Bill Maher Tells Us Everything We Know
Folks who know stuff – and one’s gotta presume the folks at a Bill Maher show know stuff – know that stuff is, er, fucked up. A lot of stuff. Among such stuff: oil’s through the roof, housing’s in the gutter, and we’re at war where we shouldn’t even be.
So it stands to damn good reason that a man like Bill Maher would be popular among a certain subset of know-somethings; what seems unreasonable is why all these know-somethings need Bill Maher to tell ‘em what they already know, let alone validate their opinions.
But such seemed to be the case Friday night at The Fillmore Gleason, where America’s favorite leftie curmudgeon preached to a choir that had already concluded their song.

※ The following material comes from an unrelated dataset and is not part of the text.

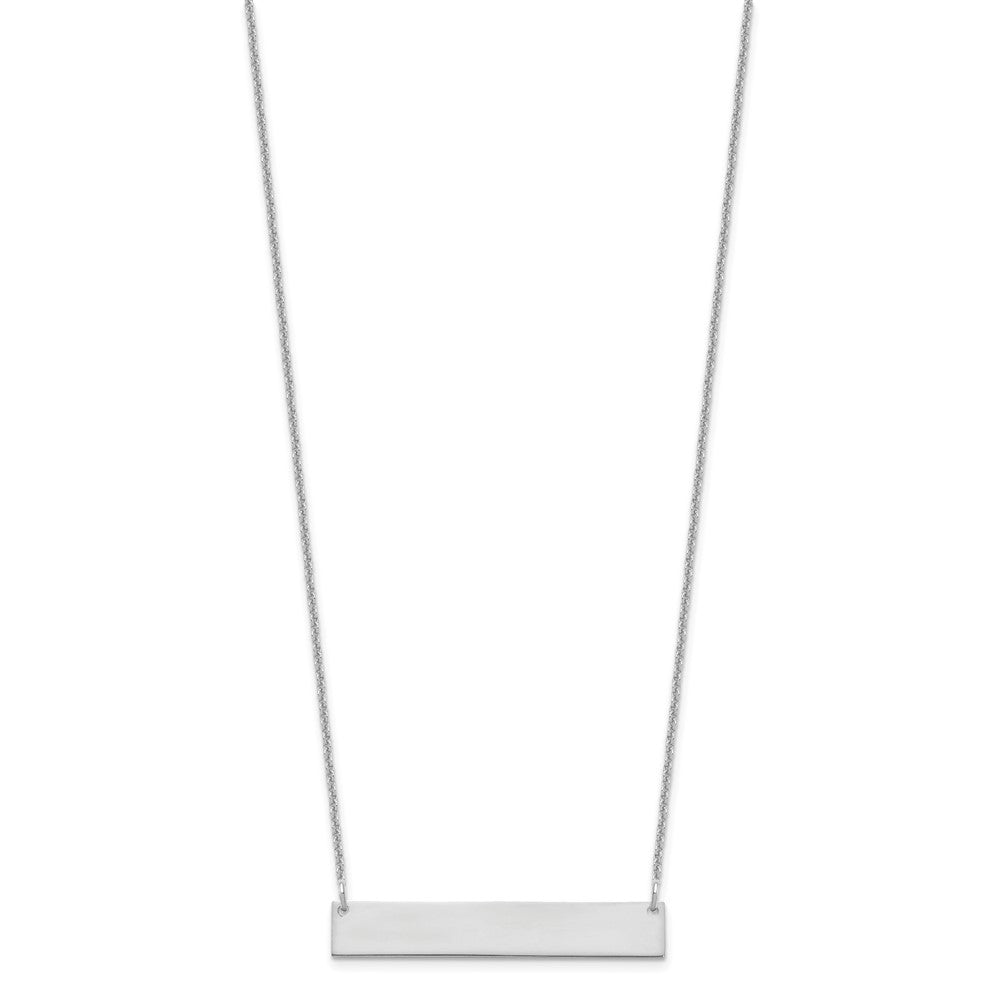 14K Weißgold Mittel Rohling Stab Halskette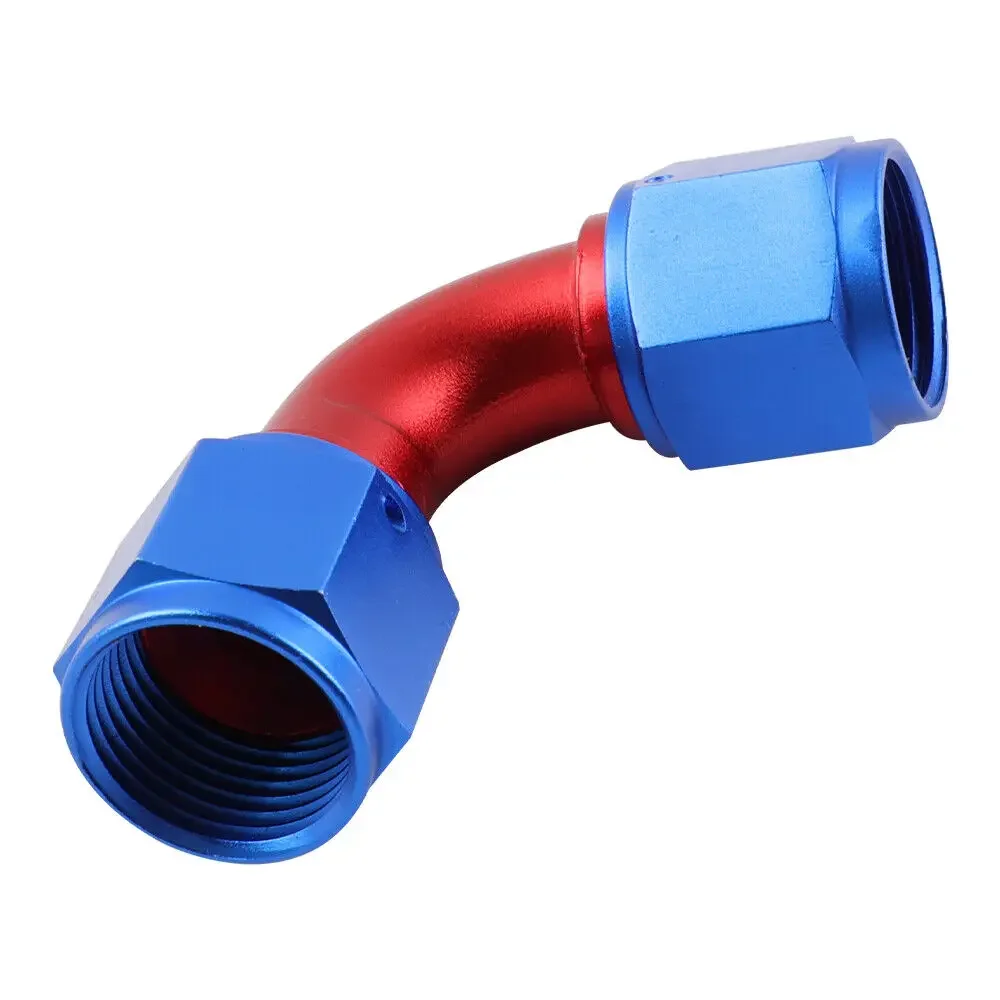 Acoplador giratorio AN10 hembra para manguera combustible y aceite - imagen 4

Don’t get me wrong: I dig Bill Maher. Lots. In fact, I believe only Jon Stewart and Arianna Huffington have done more to bring to light some of our country’s darker misdeeds. But I also believe Bill Maher’s best when he’s cracking wise among a panel of bright minds, like or unlike his own. Sure his wisecracks are often spot on. Yet confined to his stand-up, they become akin to adding to an already indelible stain.
Bush’s stupidity? McCain’s age? Hillary’s ballsiness? Politicians’ transgressions? An idiotic war? We know all about it.
And hopefully by now everybody else does too. Americans have just spent 7 long years being told what to think and when to think it, or, more to the point, being persuaded to not think at all. Those who’ve ignored the standard-bearing propaganda know this – Bill Maher knows this too. If not, that’s their tough luck. Funny? Yeah. Like a pie to the face of some blind man.
But I’m not telling you anything you didn’t already know, am I?